Problem to work on: No picture belongs in the answer, which must hold exactly the lines from the one with "Calculus 2 (MA003IU)" through the final line below.

Data for analysis:

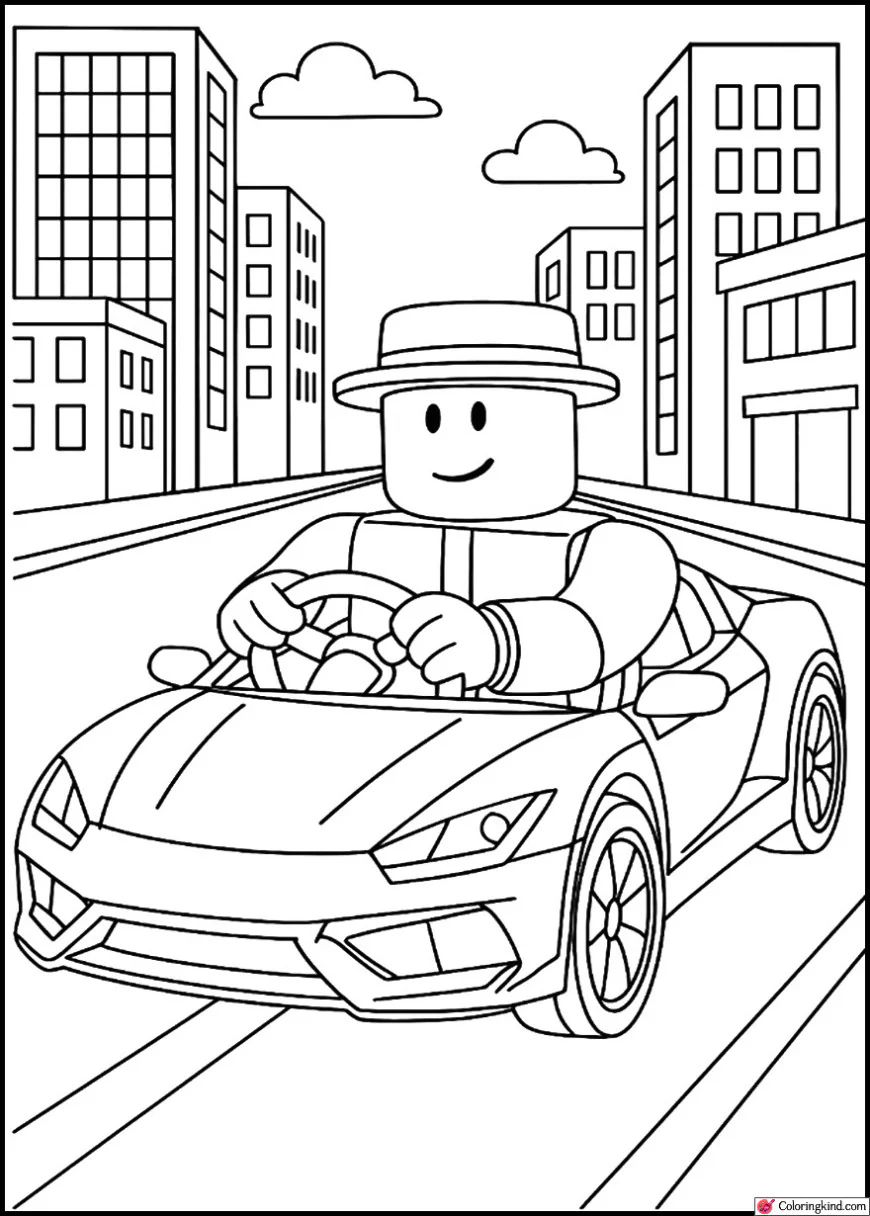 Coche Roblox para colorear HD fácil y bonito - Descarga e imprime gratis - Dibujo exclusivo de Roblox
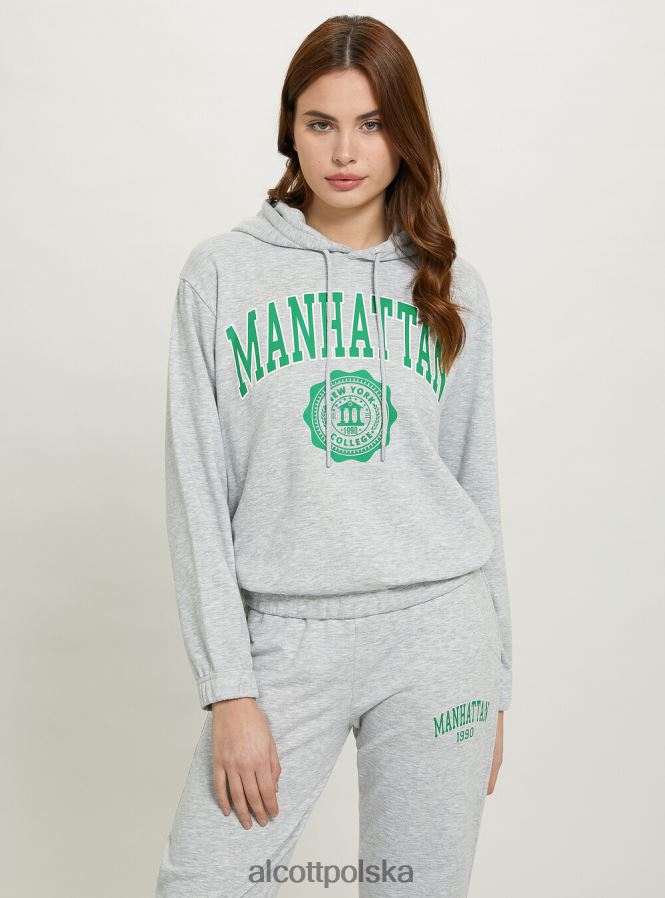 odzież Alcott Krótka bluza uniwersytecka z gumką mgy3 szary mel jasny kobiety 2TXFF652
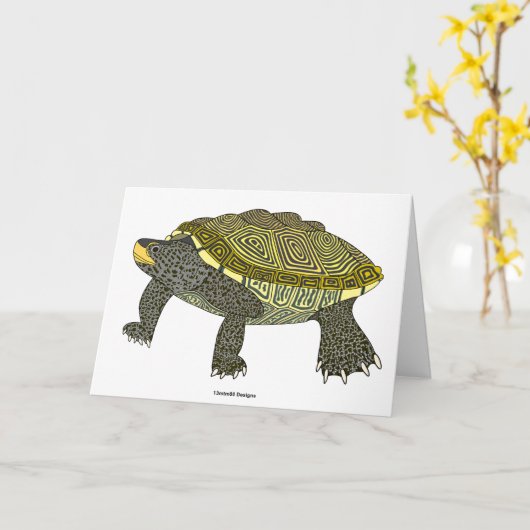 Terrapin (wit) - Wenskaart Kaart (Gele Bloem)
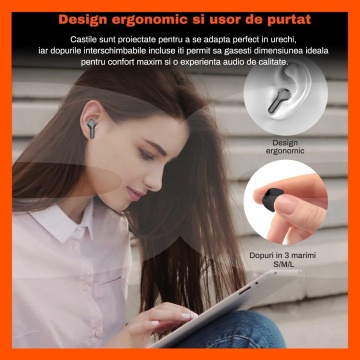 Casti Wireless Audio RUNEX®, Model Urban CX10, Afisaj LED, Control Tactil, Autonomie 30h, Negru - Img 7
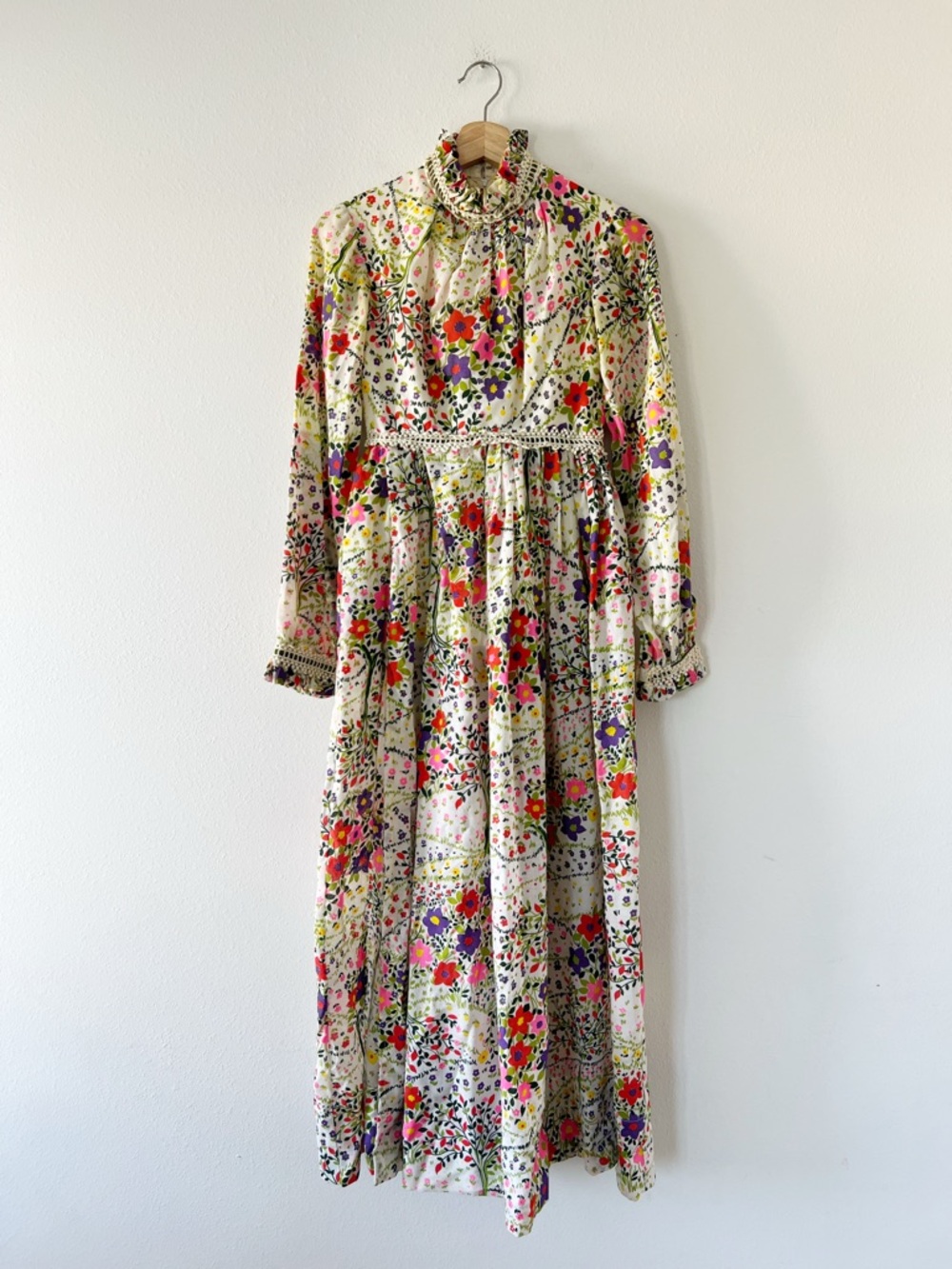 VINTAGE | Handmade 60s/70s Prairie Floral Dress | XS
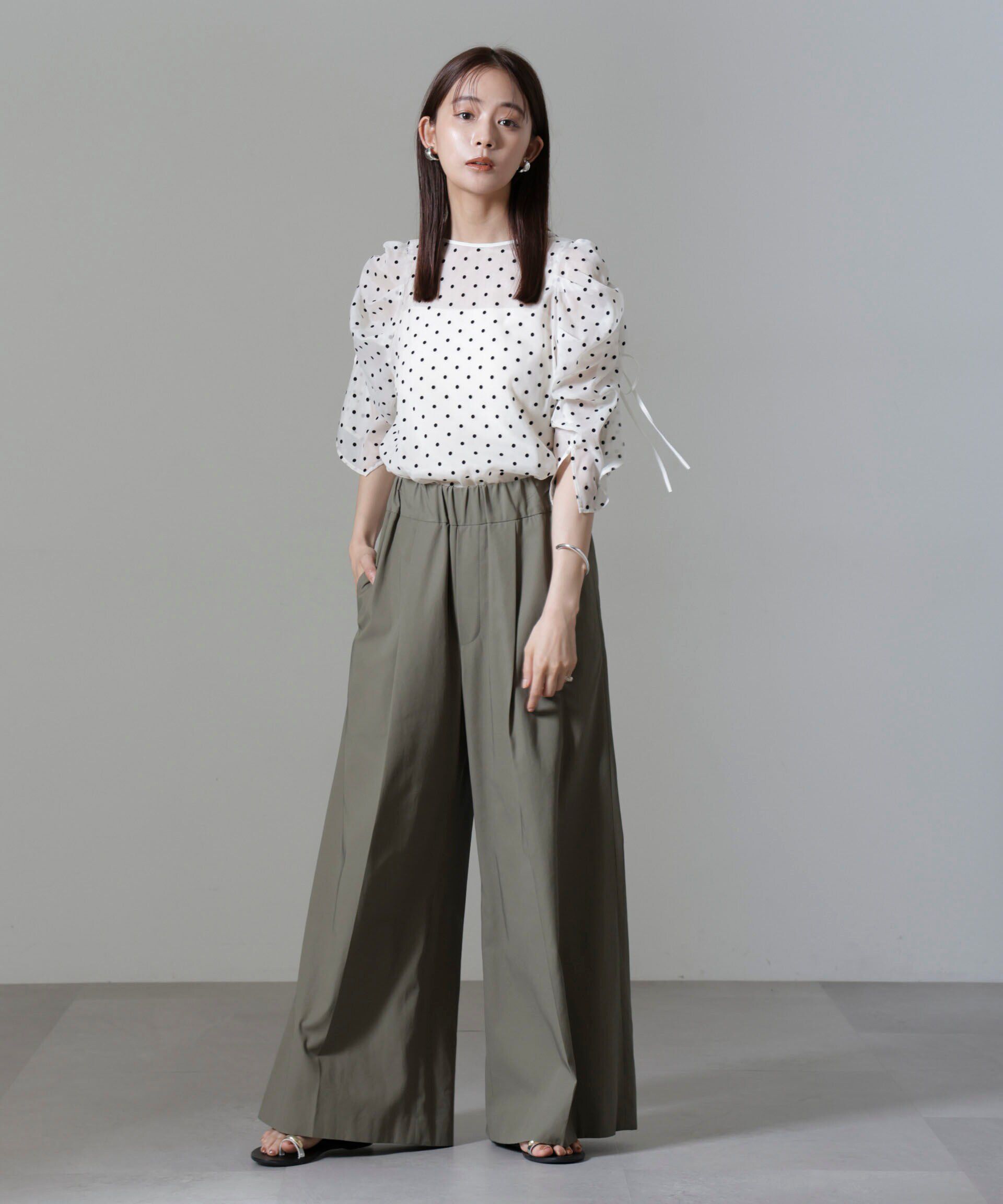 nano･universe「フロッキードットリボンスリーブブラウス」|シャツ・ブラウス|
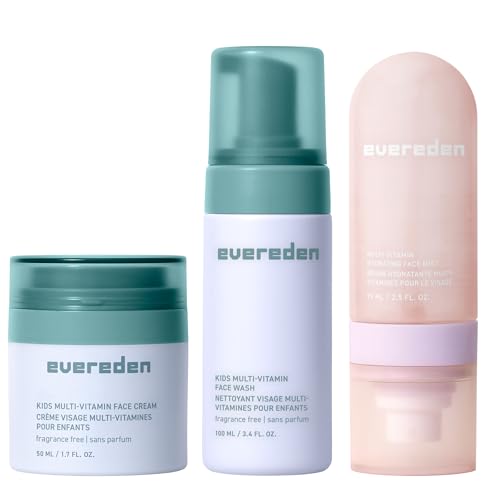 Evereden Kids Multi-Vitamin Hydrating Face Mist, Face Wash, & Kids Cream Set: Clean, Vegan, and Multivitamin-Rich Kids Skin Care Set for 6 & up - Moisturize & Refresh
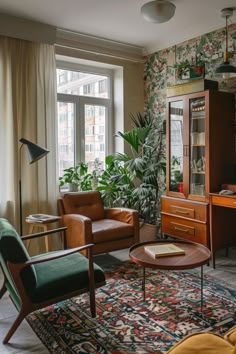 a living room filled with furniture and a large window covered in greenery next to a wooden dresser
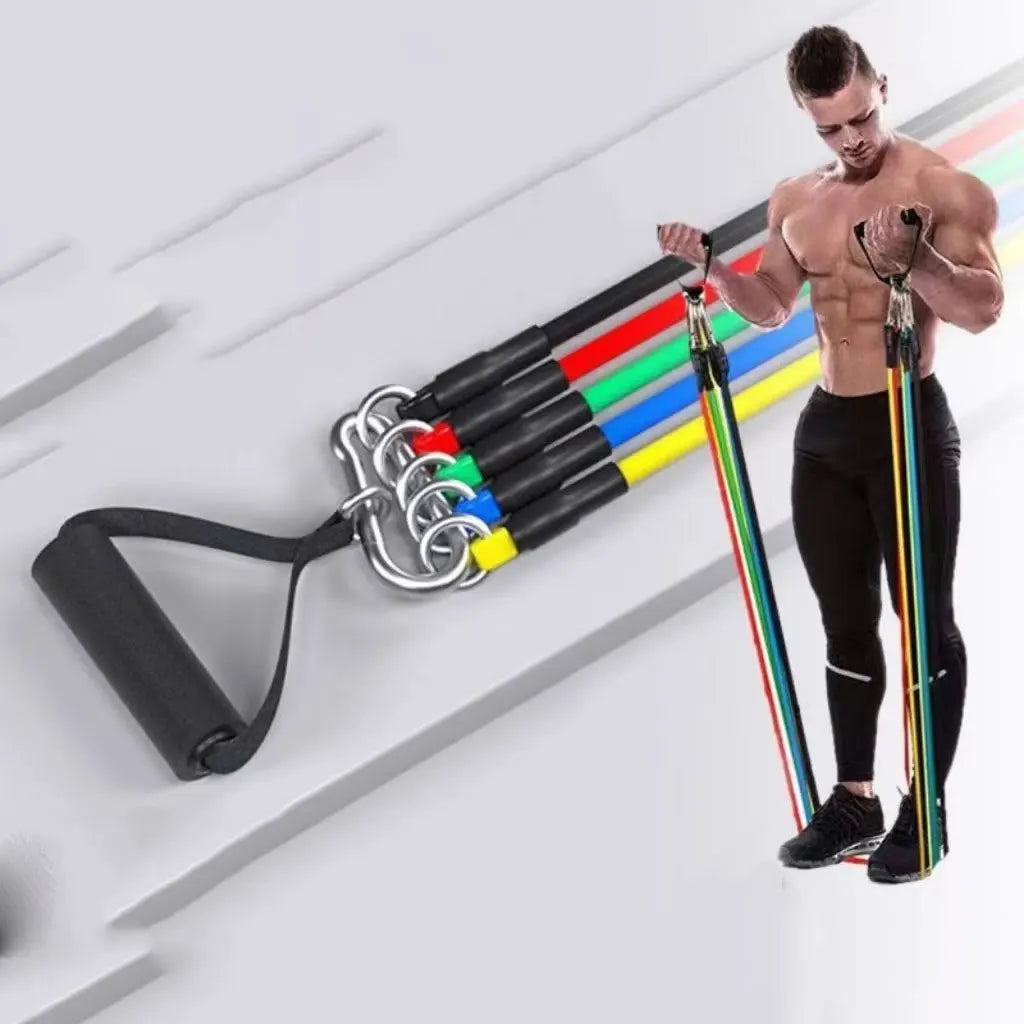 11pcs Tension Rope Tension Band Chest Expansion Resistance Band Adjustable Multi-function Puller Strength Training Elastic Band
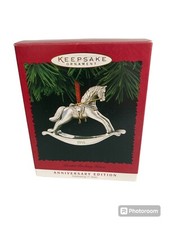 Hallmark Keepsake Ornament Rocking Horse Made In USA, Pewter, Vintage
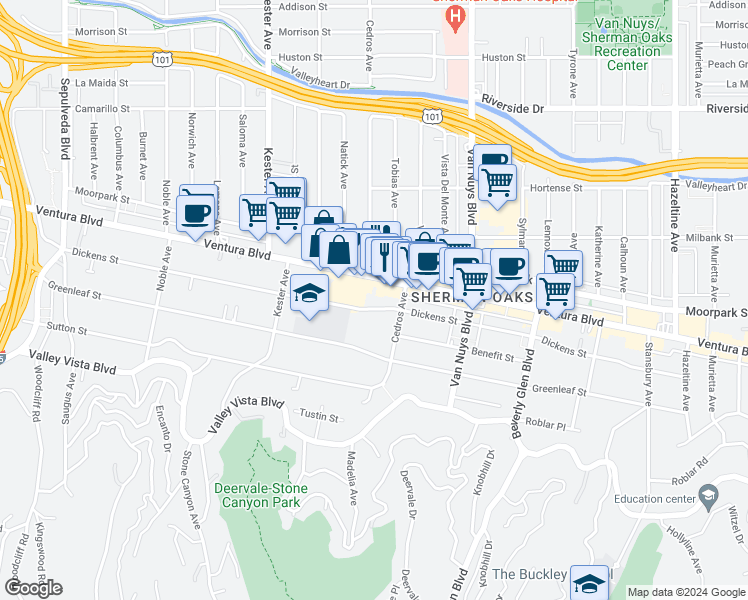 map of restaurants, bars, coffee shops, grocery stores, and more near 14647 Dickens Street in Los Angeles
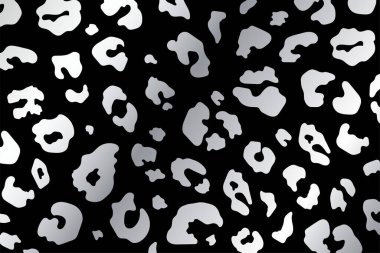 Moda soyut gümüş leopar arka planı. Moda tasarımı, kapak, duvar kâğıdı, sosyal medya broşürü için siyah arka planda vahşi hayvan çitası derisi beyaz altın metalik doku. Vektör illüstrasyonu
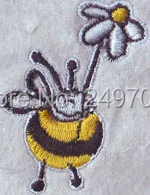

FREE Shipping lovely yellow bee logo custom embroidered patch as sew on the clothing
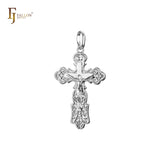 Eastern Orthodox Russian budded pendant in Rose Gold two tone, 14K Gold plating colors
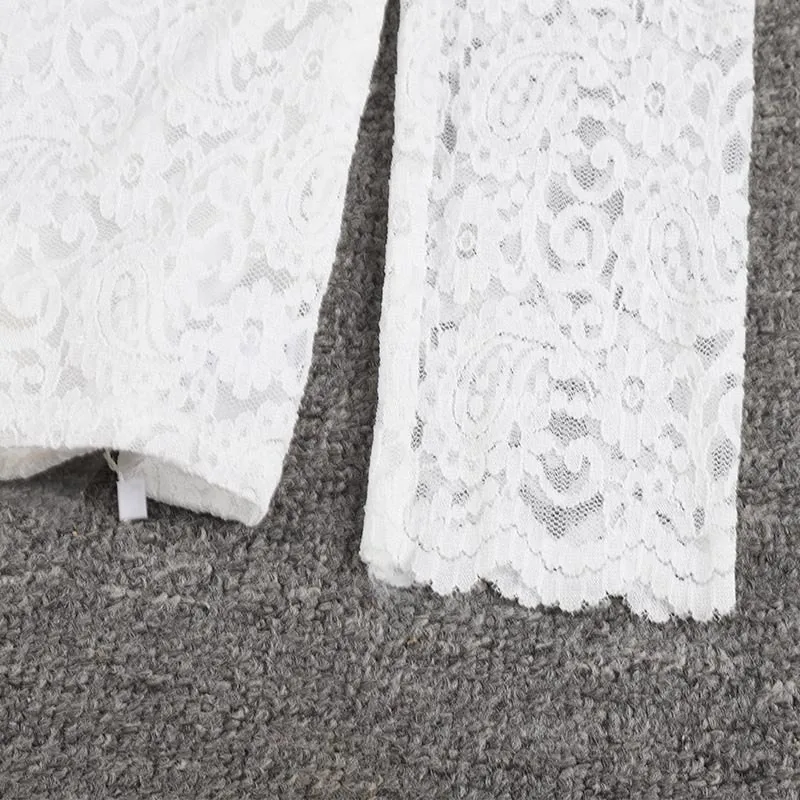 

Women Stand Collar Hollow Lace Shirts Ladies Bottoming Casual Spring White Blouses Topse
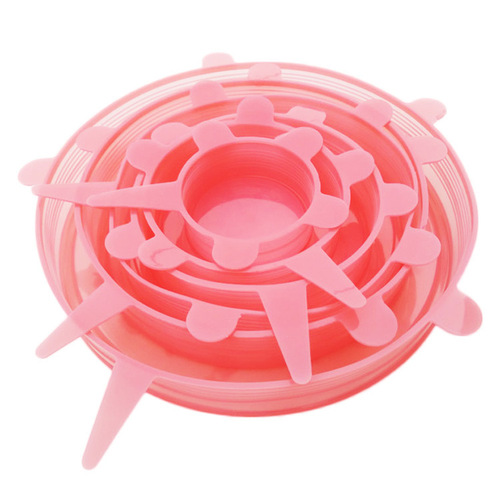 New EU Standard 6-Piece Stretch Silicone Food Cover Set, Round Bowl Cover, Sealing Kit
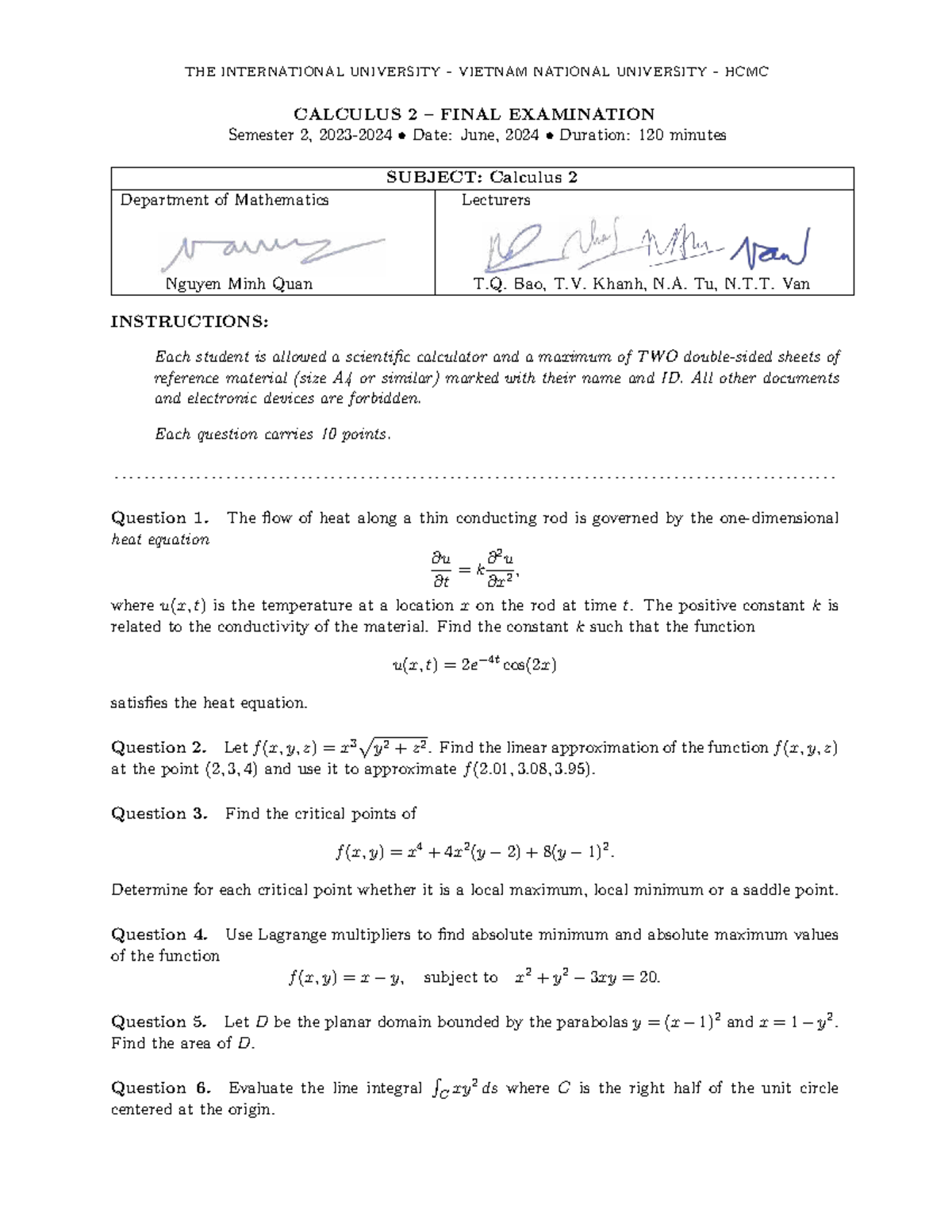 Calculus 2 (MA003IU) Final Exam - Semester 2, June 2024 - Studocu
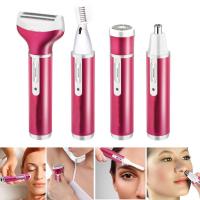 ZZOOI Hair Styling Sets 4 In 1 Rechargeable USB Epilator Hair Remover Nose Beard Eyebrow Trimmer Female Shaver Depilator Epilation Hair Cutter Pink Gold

Reply:
 Calculus 2 (MA003IU) Final Exam - Semester 2, June 2024 - Studocu
 ZZOOI Hair Styling Sets 4 In 1 Rechargeable USB Epilator Hair Remover Nose Beard Eyebrow Trimmer Female Shaver Depilator Epilation Hair Cutter Pink Gold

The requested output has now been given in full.